A short transitional course can help medical students prepare for clinical learning.

Department of Family Medicine, Kansas University Medical Center, Kansas City 66160, USA.
Family medicine (Impact Factor: 0.85). 37(7):496-501.
Source: PubMed

ABSTRACT Despite the move toward integrated 4-year medical school curricula, many medical schools still offer a "2+2" curriculum divided into preclinical and clinical phases. These phases represent distinct learning environments that require different learning skills. To prepare students for learning in the clinical environment of the second 2 years, many medical schools offer transitional experiences before the third-year clerkships. Few of these transitional courses have published evaluations, and there is no consensus on the ideal content. In this paper, we provide evaluation and content validity data on a 2-week intensive clinical transition course for beginning third-year medical students.

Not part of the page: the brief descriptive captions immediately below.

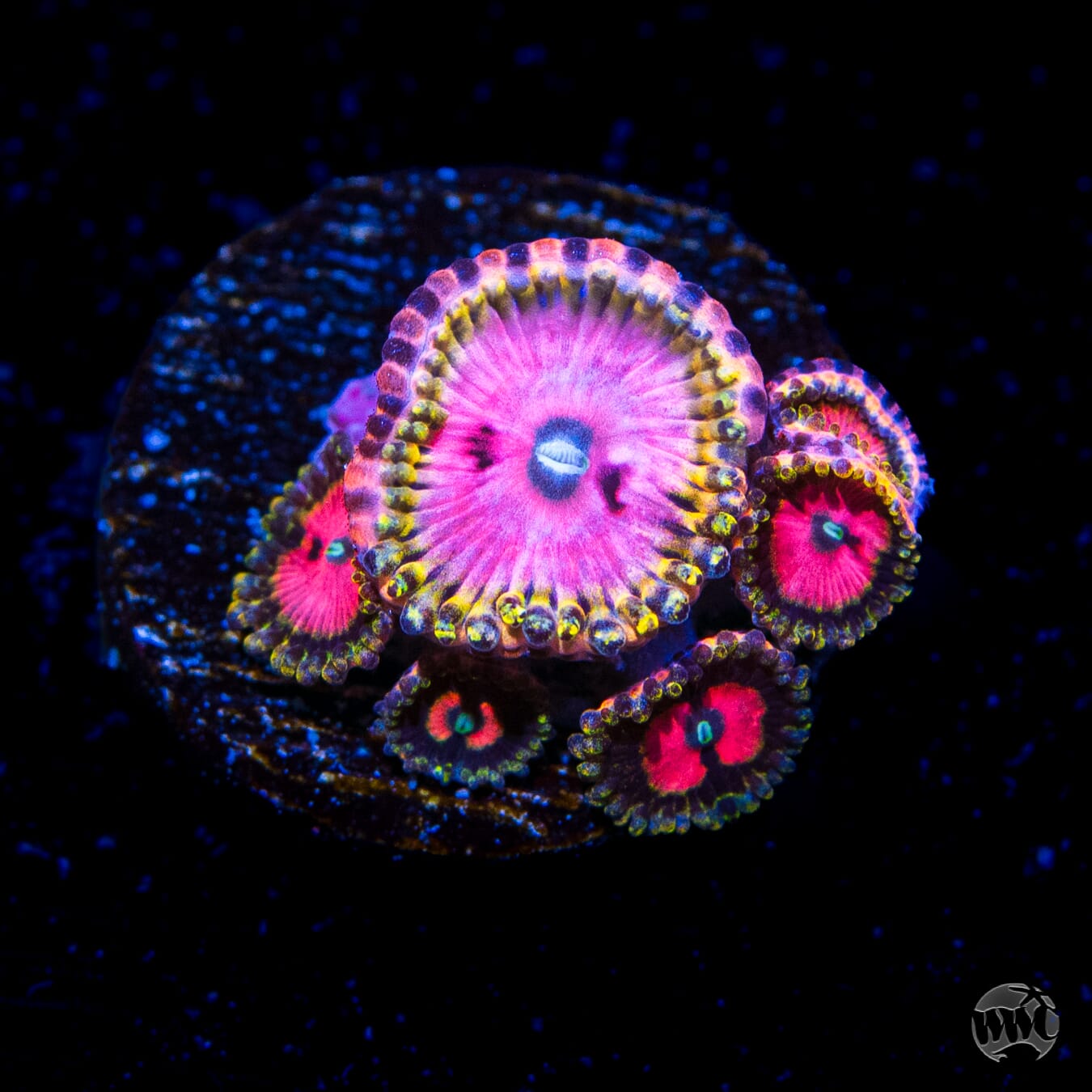 RR Pink Diamond Zoanthids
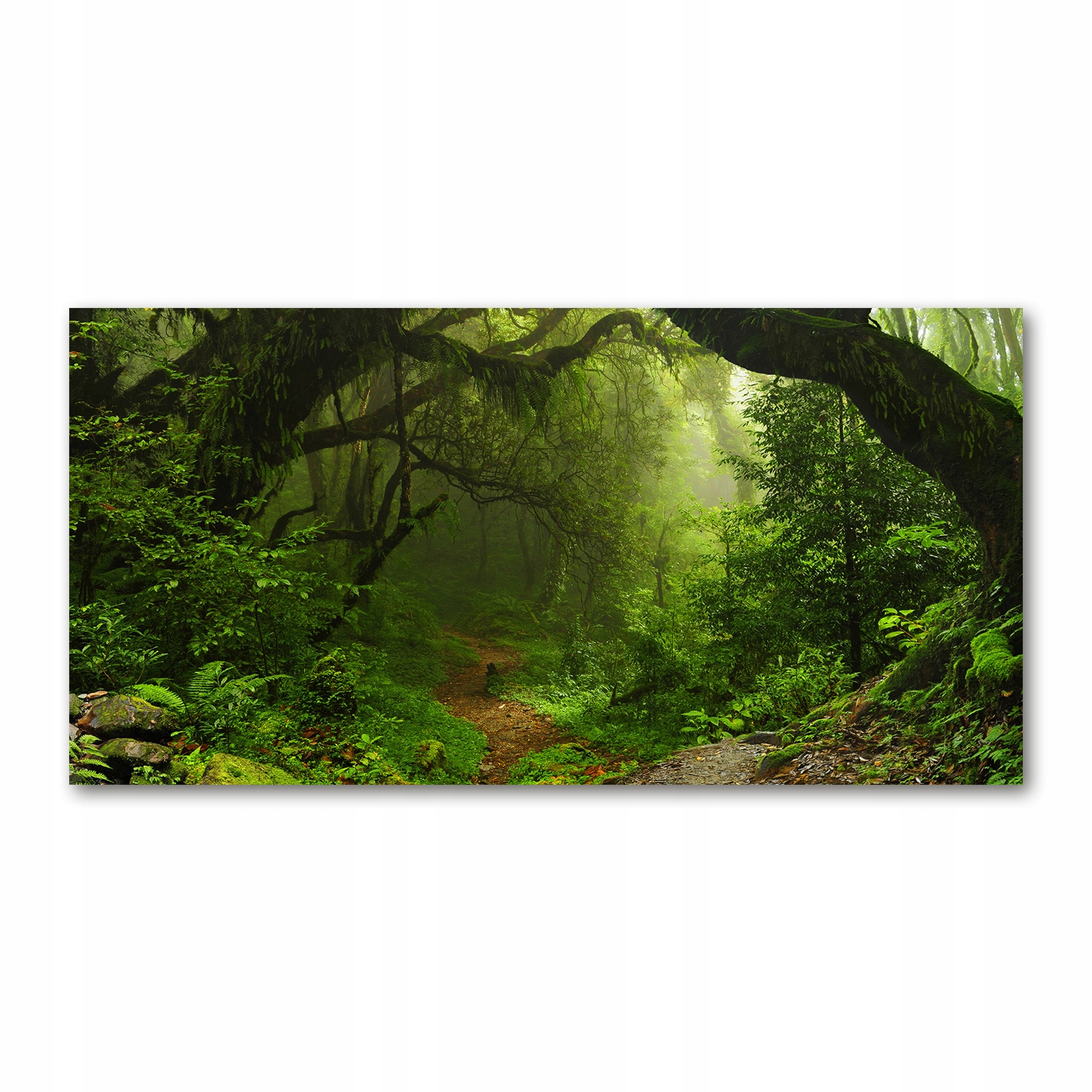 

Foto obraz szklany Dżungla w Nepalu 140x70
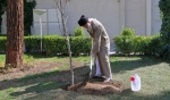 The Supreme Leader Planted Two Saplings on the Occasion of Arbor Day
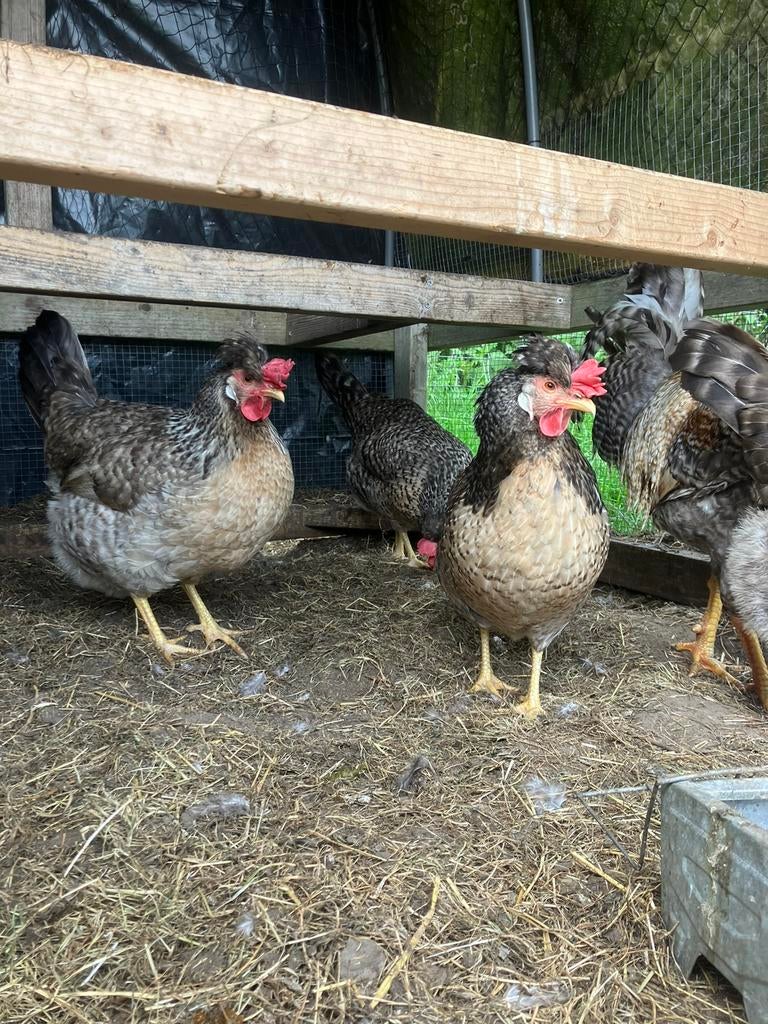 Cream legbar broedeieren, Dieren en Toebehoren, Geslacht onbekend, Kip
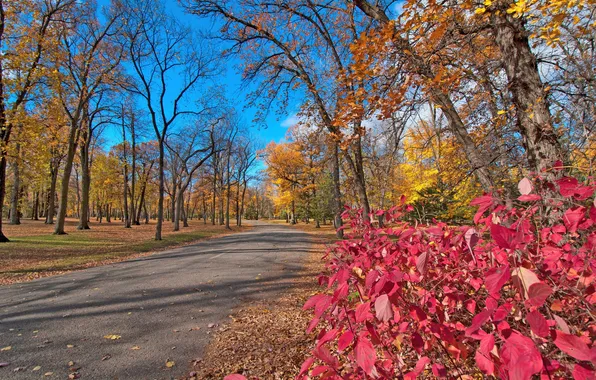 Road, autumn, leaves, trees, Park, the crimson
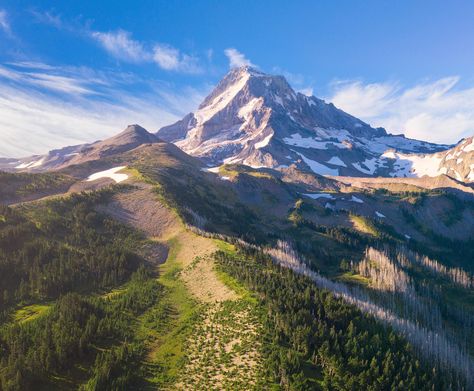 Mt Hood Oregon from the North. [2500 x 2064] [OC]  Click the link for this photo in Original Resolution.  If you have Twitter follow twitter.com/lifeporn5 for more cool photos.  Thank you author: https://bit.ly/2YDKPSa  Broadcasted to you on Pinterest by pinterest.com/sasha_limm  Have The Nice Life! Scenes To Paint, Moon Beauty, Life Is A Dream, Oregon Landscape, Mt Hood Oregon, Trail Cam, Landscape Reference, Dream Trips, Mount Hood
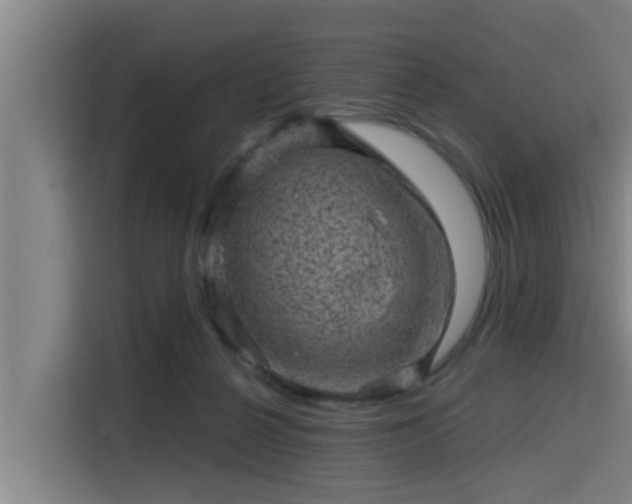 X0000115370264200911101252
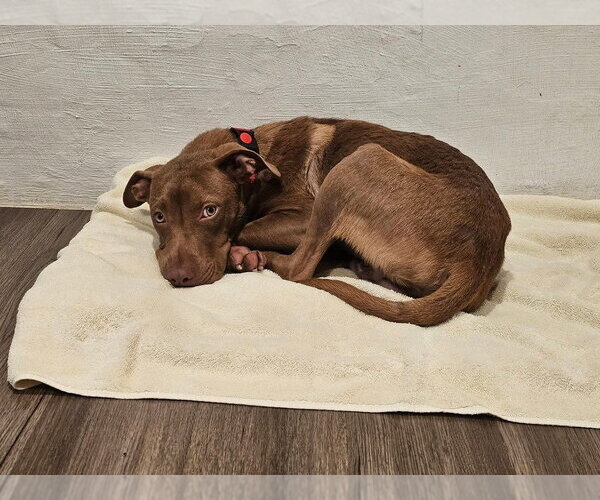 Medium Photo #4 Mutt Puppy For Sale in Wenonah, NJ, USA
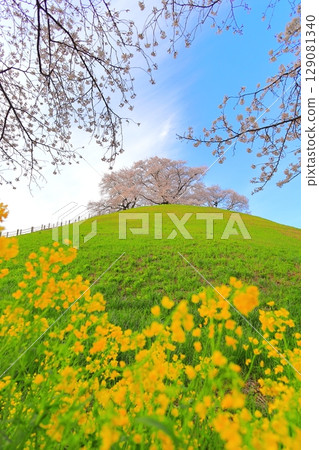 Marugameyama古墳（Sakitama Mound Tomb Park）的櫻花 129081340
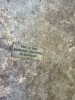 Decorative Garden Stepping "Stones" - 6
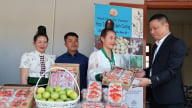 Sơn La 'gỡ khó' chinh phục mục tiêu xuất khẩu nông sản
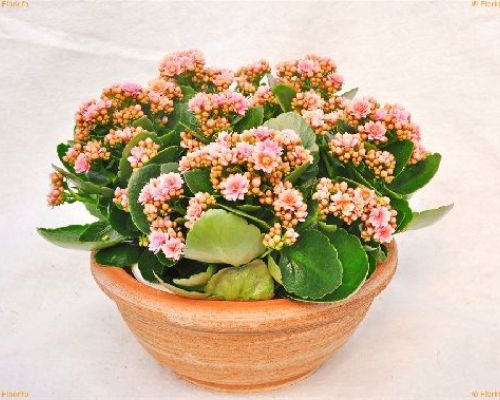 KALANCHOE BLOSSFELDIANA V.19 <br/> Piante Fiorite da Interno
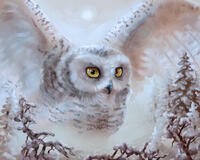 Без бренда «Полярная сова над лесом (20шт)» в Йошкар-Оле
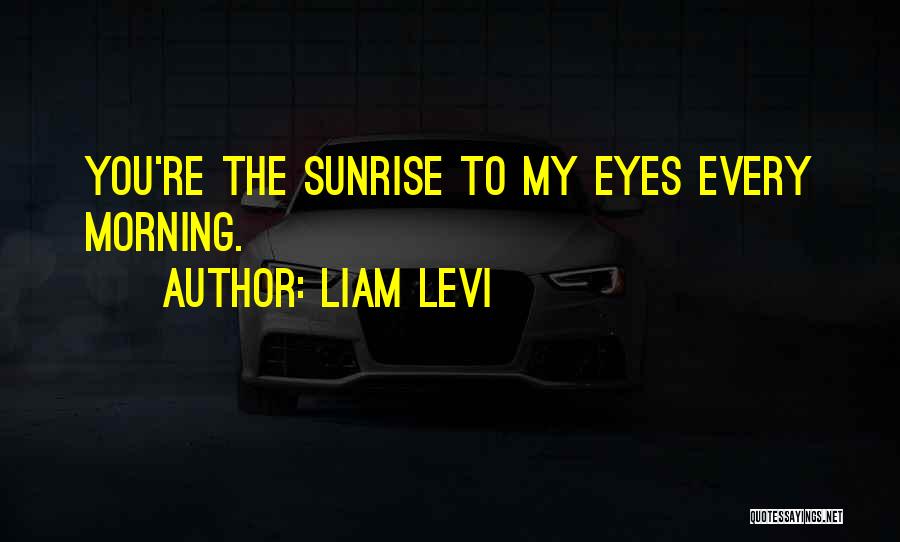 The Morning Sunrise Quotes By Liam Levi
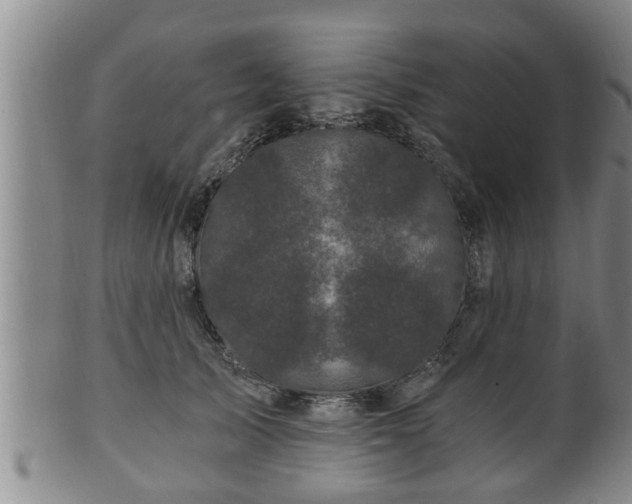 X0000100870705200806271113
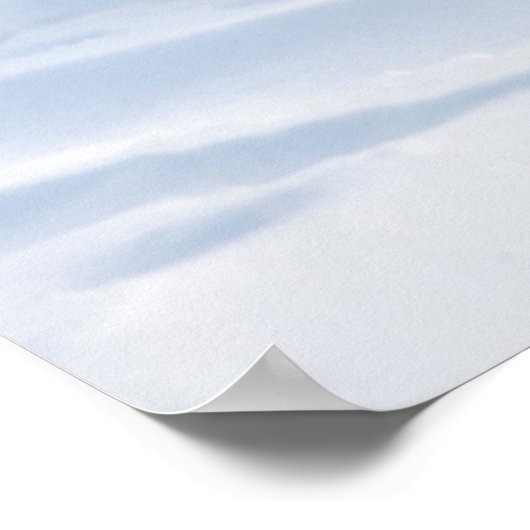 Polar Bear Poster (Hoek)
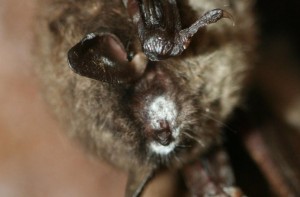 Minnetonka Bat Removal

A multidisciplinary team designed, implemented, and evaluated a 2-week transition course. Students indicated through surveys how prepared they felt for 18 clinical skills. We analyzed pre- and post-survey data using a Wilcoxen rank sum test and compared current to prior students using a chi-square analysis.
Students felt more prepared for 16 of 18 skills after the transitional course and for 14 of 18 skills compared to historical controls.
A transitional course based on common skills is relevant to students' clerkship experiences and can increase students' self-reported preparedness for the clinical years of medical school.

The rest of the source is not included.